*** Data extracts

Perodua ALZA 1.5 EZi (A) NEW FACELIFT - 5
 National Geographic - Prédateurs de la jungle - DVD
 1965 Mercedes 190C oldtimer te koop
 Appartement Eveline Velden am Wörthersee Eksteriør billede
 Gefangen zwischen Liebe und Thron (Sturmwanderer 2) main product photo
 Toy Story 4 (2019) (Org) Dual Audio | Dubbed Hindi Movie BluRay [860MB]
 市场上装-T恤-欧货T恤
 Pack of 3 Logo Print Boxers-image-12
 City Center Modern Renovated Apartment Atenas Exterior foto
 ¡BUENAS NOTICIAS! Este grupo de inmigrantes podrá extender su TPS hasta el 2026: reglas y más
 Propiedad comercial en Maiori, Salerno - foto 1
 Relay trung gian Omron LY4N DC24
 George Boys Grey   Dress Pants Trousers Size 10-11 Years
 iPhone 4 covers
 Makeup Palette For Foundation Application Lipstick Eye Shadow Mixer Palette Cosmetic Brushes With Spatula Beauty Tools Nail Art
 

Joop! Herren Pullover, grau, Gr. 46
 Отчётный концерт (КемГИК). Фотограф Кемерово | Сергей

******

**Work instruction**
Among the records above, find the lines that contain "foto" and copy every one.

**Result of the exercise**
 City Center Modern Renovated Apartment Atenas Exterior foto
 Propiedad comercial en Maiori, Salerno - foto 1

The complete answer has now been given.